[Date Prev][Date Next][Thread Prev][Thread Next][Date Index][Thread Index]
Re: quote removal issues within character class
From: |
Oğuz |
Subject: |
Re: quote removal issues within character class |
Date: |
Sat, 9 Nov 2019 16:45:31 +0200 |
You've already answered it, thank you. I didn't know that [:, [., [= were
special *sequences*, I guess I overlooked that part. Thanks again for
taking time to explain it in detail, I'm grateful
9 Kasım 2019 Cumartesi tarihinde Robert Elz <kre@munnari.oz.au> yazdı:
> Date: Sat, 9 Nov 2019 07:35:16 +0300
> From: =?UTF-8?B?T8SfdXo=?= <oguzismailuysal@gmail.com>
> Message-ID: <
> CAH7i3Lr68CiVXLR9_HoOgQa7Vd-zyVZ+fck-0K3uQPTNSirU2Q@mail.gmail.com>
>
> | is correct, as "foo" does not contain a ']' which would be required
> | > to match there (quoting the ':' means there is no character class,
> | > hence we have instead (the negation of) a char class containing '['
> ':'
> | > 'l' 'o' 'w' 'e' ';r' (and ':' again), preceded by anything, and
> | > followed by ']' and anything. foo does not match. f]oo would.
> | >
> |
> | where exactly is this documented in the standard?
>
> I'm not sure which part exactly you're looking for, but char sets in sh
> are specified to be the same as in REs, except that ! replaces ^ as the
> negation character (that's in XCU 2.13.1). Char sets (bracket expressions)
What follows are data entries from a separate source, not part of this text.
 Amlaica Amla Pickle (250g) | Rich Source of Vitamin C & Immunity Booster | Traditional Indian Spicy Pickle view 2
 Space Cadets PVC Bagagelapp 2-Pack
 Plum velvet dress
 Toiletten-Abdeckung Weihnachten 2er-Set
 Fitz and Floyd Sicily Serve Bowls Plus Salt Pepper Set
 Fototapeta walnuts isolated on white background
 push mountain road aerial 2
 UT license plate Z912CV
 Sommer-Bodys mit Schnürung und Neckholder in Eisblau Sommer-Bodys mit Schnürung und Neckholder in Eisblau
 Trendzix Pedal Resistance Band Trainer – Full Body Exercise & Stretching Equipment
> in RE's are documented in XBD 9.3.5 wherein it states
>
> A bracket expression is either a matching list expression or a
> non-matching list expression. It consists of one or more
> expressions:
> ordinary characters, collating elements, collating symbols,
> equivalence classes, character classes, or range expressions.
> The <right-square-bracket> (']') shall lose its special meaning and
> represent itself in a bracket expression if it occurs first in the
> list
> (after an initial <circumflex> ('^'), if any).
>
> Otherwise, it shall terminate the bracket expression,
>
> That is, a ']' that occurs anywhere else terminates the bracket expression
> except:
>
> unless it appears in a collating symbol (such as "[.].]")
>
> (not relevant in the given example)
>
> or is the ending <right-square-bracket> for a collating symbol,
> equivalence class, or character class.
>
> So the ']' that immediately follows the second ':' would not terminate the
> bracket expression if it is the ending ']' for a character class
> (collating symbols and equiv classes not being relevant to the example).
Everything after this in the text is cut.